[net.graphics] convolution vs. FFT's

nitin@ur-laser.uucp (Nitin Sampat) (08/01/85)

Does anybody know at what point do Fourier operations
become more practical to use than convolution ?

Example : lets say we are dealing with a 512 X 512 , 8 bit image.

Most image processing systems effect a convolution by using a 3 X 3 
kernal (for example in smoothing).  However, we know that by linear 
system theory, we can take  the FFT of the image and multiply 
this by the transfer function, which is nothing more than the FFT of
the impulse response(in our case the convolution kernal).  FFT operations
give us much more control over the individual frequencies. However, being
computationally demanding, they are avoided and most operations are done
in the spatial domain.  Harware and time limitations dictate that 3 X 3
kernals be used most of the time. For increased control over the frequencies
larger kernal sizes are sometimes used.

The question is that there must be a transition point above which it becomes
more practical to use FFT's .  Someone told me that this "magic number"
is 7 X 7.  So, if one were using a kernal size 7 X 7 or larger, it would
be more feasible to multiply the image by its transfer function in the 
frequency domain rather than convolve it with the impulse response.

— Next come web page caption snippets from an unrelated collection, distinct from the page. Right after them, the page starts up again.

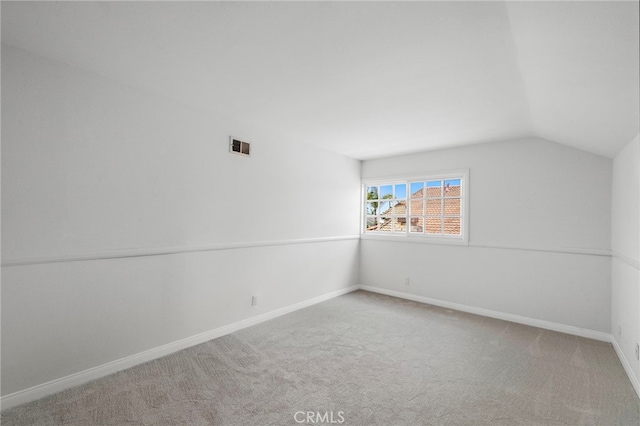 2030 Goldeneye Pl, Costa Mesa, CA 92626 - empty room featuring vaulted ceiling and carpet flooring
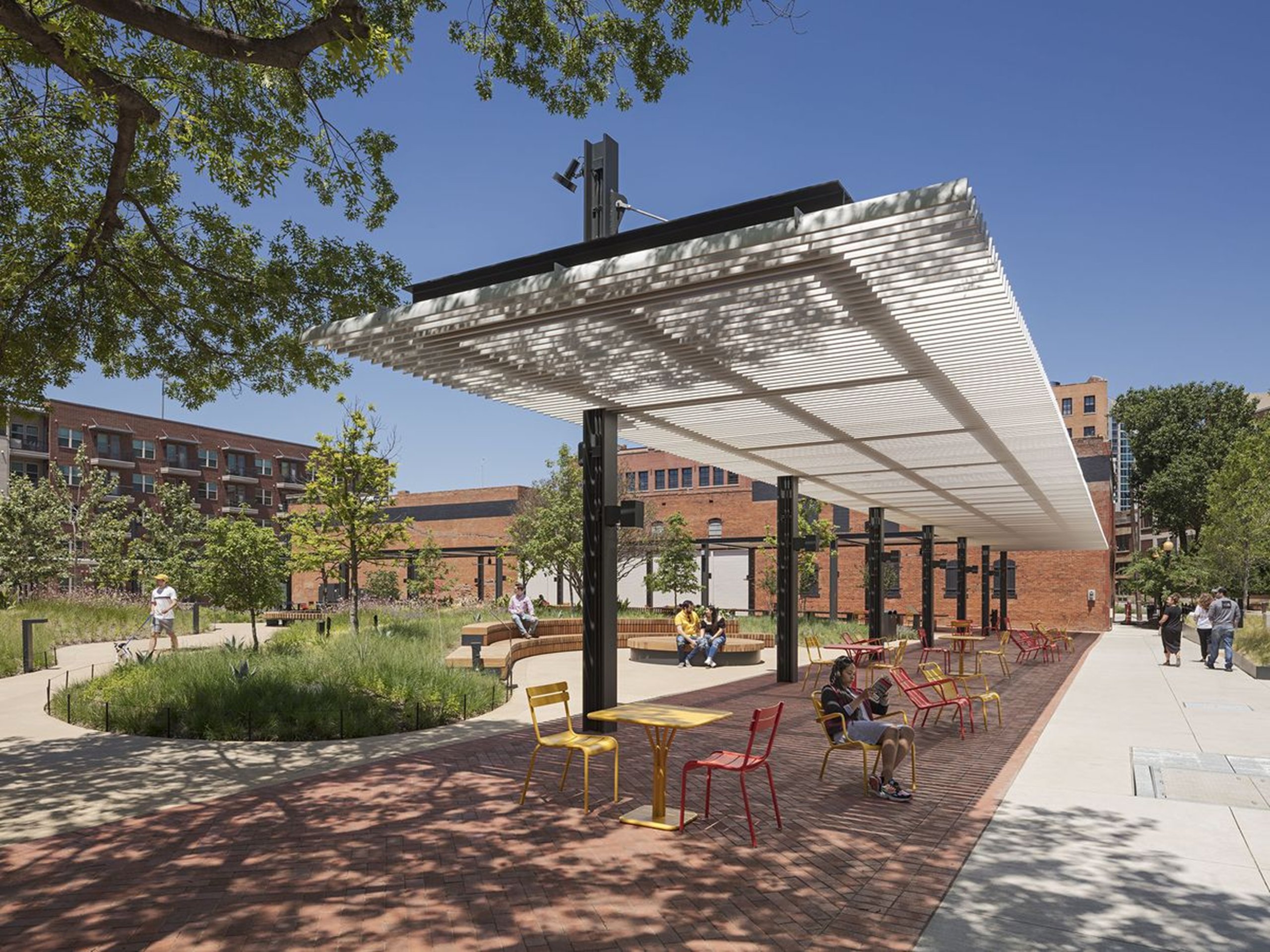 Outdoor seating area with colorful chairs and tables under a white slatted canopy in an urban park.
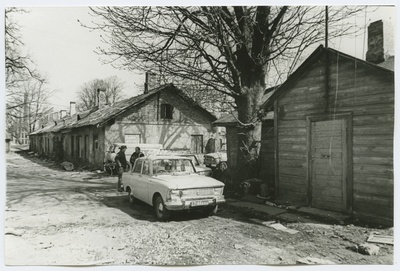 Broken low wooden buildings Ujula Street 7.  duplicate photo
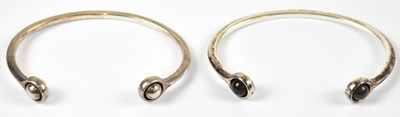 Lot 290 - GEORG JENSEN; a pair of silver torque bangles,...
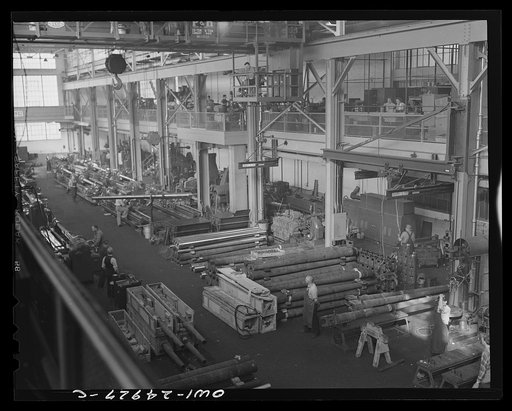 Untitled photo, possibly related to: Milwaukee, Wisconsin. War production workers making M5 and M7 guns for the U.S. Army. Lathes turning guns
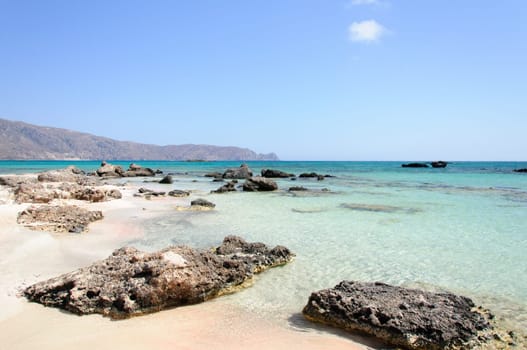 Elafonisi or Elafonissi, "deer island"" in Greek, is an island located close to the southwestern corner of the Mediterranean island of Crete, Greece. Elafonisi is an oblong, which often ""breaks"" in two parts by water giving the impression of being a separate island. The island is a protected nature reserve."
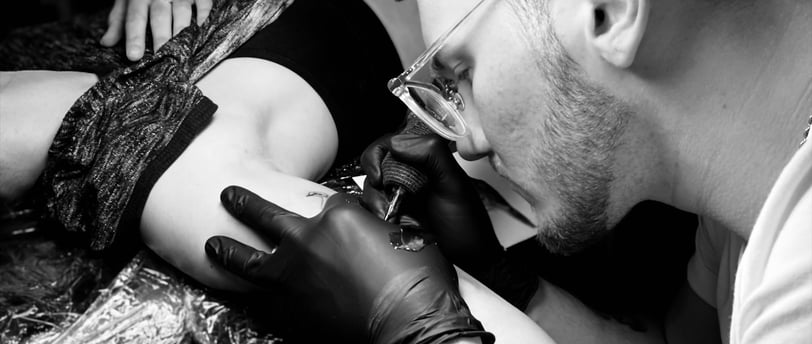 a man is getting a tattoo on his arm in Kaunas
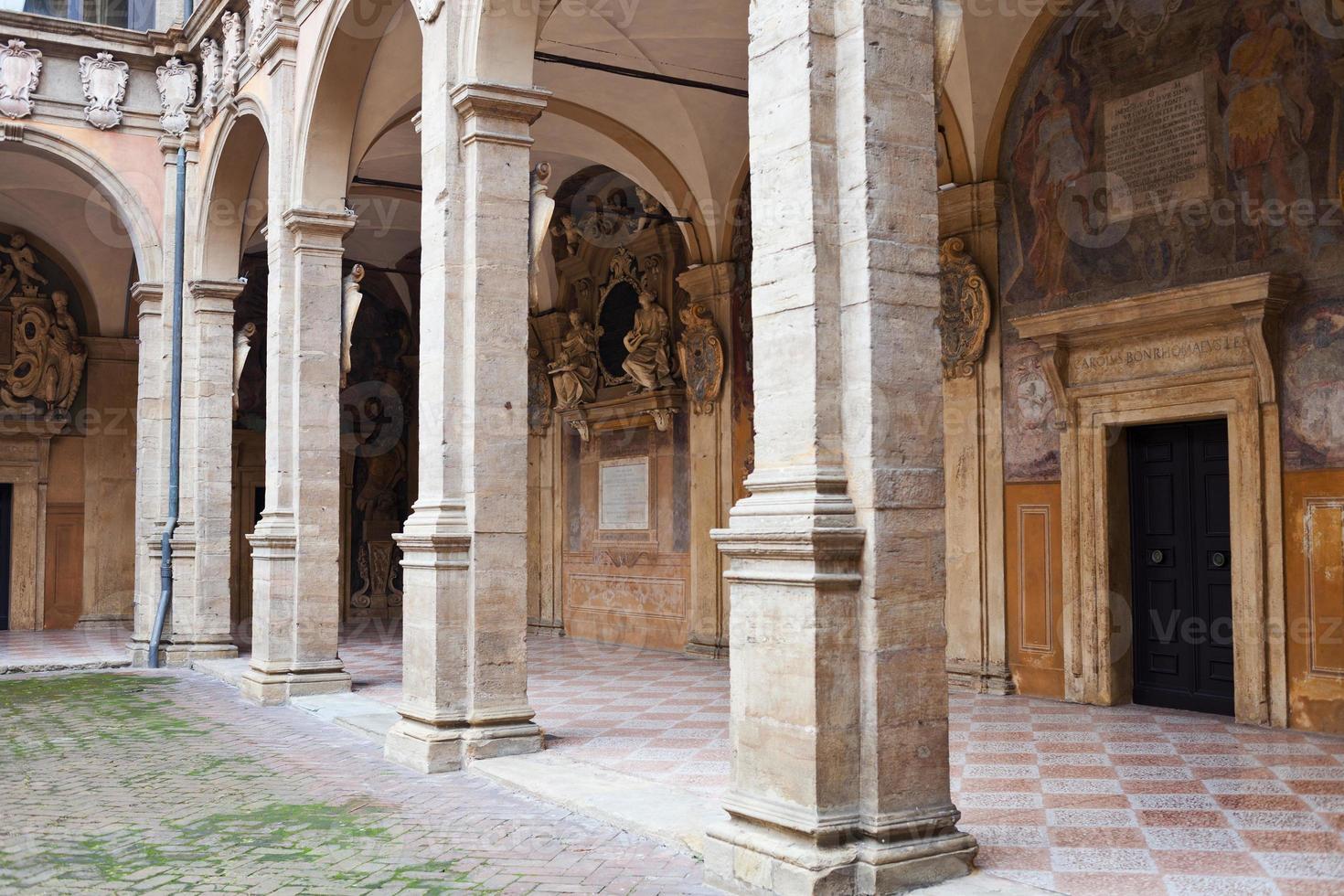 arcade and courtyard of Archiginnasio palace, Bologna photo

Has anyone had any experience with this ?  Is this 7 X 7  approx. correct ?


						nitin 

shep@datacube.UUCP (08/03/85)

> net.graphics / ur-laser!nitin /  9:39 am  Aug  1, 1985 ****/
>Does anybody know at what point do Fourier operations
>become more practical to use than convolution ?
>Example : lets say we are dealing with a 512 X 512 , 8 bit image.

Good question. However it is ill defined. Since we are dealing with
the "practicality" of the problem, we must first recognize the number
of computrons required for each approach. Two-dimensional image convolution
is easily performed by most pipelined architectures. FFT's, because of their
often used butterfly addressing and bit reversal, are more difficult
(less practical, require more hardware, etc) to perform.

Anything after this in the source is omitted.